Review: Motörhead – Iron Fist (40th Anniversary)
Sanctuary Records (Spetember 23rd, 2022)
Reviewer: Chris O’Connor
Yes, it really has been 40 years since the three amigos cut loose with what would prove to be their final studio outing, and here it is remastered for your aural delectation. This album has always held a special place in my heart, why? The ‘Iron Fist’ tour was the first time I got to experience them ‘live’ at the Birmingham Odeon, supported by the brilliant Algy Ward fronted Tank (the REAL Tank – not the pale fiasco that exists today).
However, I digress. I am a Motorheadbanger – from memory, my club member number/ID was MHB1668, and alongside Rush, they have always been my favourite band. After the magnificent ‘Ace Of Spades’ studio album, and the timeless ‘No Sleep Til Hammersmith’ live album, the unholy triumvirate had the world in their grasp, but this album would prove to be a massive turning point, and not for the better, in the bands career, and would lead to the utter disintegration of the legendary line-up.

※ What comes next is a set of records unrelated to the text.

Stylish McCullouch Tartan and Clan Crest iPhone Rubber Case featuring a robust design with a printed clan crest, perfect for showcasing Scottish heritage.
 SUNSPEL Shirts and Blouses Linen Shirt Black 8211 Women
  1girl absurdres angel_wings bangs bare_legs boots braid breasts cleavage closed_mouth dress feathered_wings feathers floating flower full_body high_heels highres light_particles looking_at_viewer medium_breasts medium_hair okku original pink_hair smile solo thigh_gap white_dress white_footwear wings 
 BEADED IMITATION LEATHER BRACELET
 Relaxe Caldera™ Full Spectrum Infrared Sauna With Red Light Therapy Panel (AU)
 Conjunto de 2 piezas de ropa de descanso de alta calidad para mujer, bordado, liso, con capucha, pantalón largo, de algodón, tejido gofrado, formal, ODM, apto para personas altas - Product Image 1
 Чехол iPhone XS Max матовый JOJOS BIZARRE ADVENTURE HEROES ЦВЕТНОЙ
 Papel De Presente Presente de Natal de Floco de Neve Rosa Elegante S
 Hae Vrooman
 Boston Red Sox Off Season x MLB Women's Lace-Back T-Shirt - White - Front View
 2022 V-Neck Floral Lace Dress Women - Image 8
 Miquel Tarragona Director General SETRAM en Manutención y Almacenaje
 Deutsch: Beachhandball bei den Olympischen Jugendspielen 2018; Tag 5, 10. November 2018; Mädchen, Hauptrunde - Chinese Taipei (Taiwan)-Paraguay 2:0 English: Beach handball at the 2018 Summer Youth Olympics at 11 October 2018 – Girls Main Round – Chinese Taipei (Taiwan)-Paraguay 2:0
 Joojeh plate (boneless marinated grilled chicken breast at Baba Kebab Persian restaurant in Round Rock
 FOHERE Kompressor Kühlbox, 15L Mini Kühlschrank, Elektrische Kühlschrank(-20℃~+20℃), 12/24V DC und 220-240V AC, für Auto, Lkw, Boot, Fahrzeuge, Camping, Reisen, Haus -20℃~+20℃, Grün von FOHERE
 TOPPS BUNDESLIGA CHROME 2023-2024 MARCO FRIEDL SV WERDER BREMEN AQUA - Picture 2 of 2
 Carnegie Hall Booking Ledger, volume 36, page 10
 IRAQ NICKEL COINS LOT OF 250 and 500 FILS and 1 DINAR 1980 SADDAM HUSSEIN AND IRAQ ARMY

Where did it all go wrong for Lemmy, Fast Eddie, and Little Philthy? Well for a start, Messrs Clarke and Taylor decided that producer Vic Maile was surplus to requirements, with Philthy persuaded Eddie that he could do a better job. He couldn’t. Where Maile gave the ‘head a razor-sharp aural attack, to my ears, Clarke simply blunted their sound. As if that wasn’t bad enough, frankly the quality of the band’s writing dropped markedly. Yes, the title track remains magnificent, but for too much of the album, the songs are simply indifferent, and it pains me to admit it. Very few of the other songs from the album made it into the ongoing ‘live’ sets over the decades – which in itself speaks volumes.
The tour was fine (well to these young ears and eyes it was) however, in retrospect, the band was already falling apart, and by the end of the tour, the line-up would disintegrate, with the infamous ‘Stand By Your Man’ single (a duet with the late Plasmatics Goddess Wendy O Williams – for the uninitiated, allegedly the nail in the coffin. With Clarke jumping ship, it would lead (for my money) to the head’s finest moment, 1983’s ‘Another Perfect Day’ (but that’s another story entirely).
So, what do you get for your money? That depends on your budget. My wonderful daughters Hannah and Emma (I happen to know) have generously bought me the ultra-deluxe box for Yule/Christmas, which includes four vinyl albums, two cd’s, a hoodie, t-shirt, and two books! There are all sorts of other permutations on offer though, At the moment though, my promo pack has just two cd’s, the remastered album with extra songs).
CD1 of the promo Cd has twenty-five studio tracks, including the remastered album itself, instrumentals, alternate versions, and outtakes. It’s CD2 where all the ‘fun stuff’ is. Here is a rousing live album which features a full nineteen song set from the classic trio, delivered with the usual belligerent swagger we all know and love. It’s not as riotous as the immortal ‘No Sleep…’ album, but you still get the band at their ear-shattering loudest, delivering the goods as only they could in front of a rabid Glaswegian audience. What more could you possibly ask for?
This box stands as the final eulogy for the ‘ultimate’ Motörhead line-up (well, to certain fans anyway. I disagree, the Lemmy/Mikkey Dee/Phil Campbell axis was superior). It’s the sound of a band barrelling towards breaking point, yet unbeknownst to us or them back then, it wouldn’t be the end of the legend, just the closing of a chapter, and the start of something even louder and prouder. As the clarion call goes: ‘’You know me, evil eye, you know me – prepare to die, you know me, the snakebite kiss, devil’s grip …. The iron fist!’’ Here endeth the lesson brethren. Goodbye, farewell, and Amen.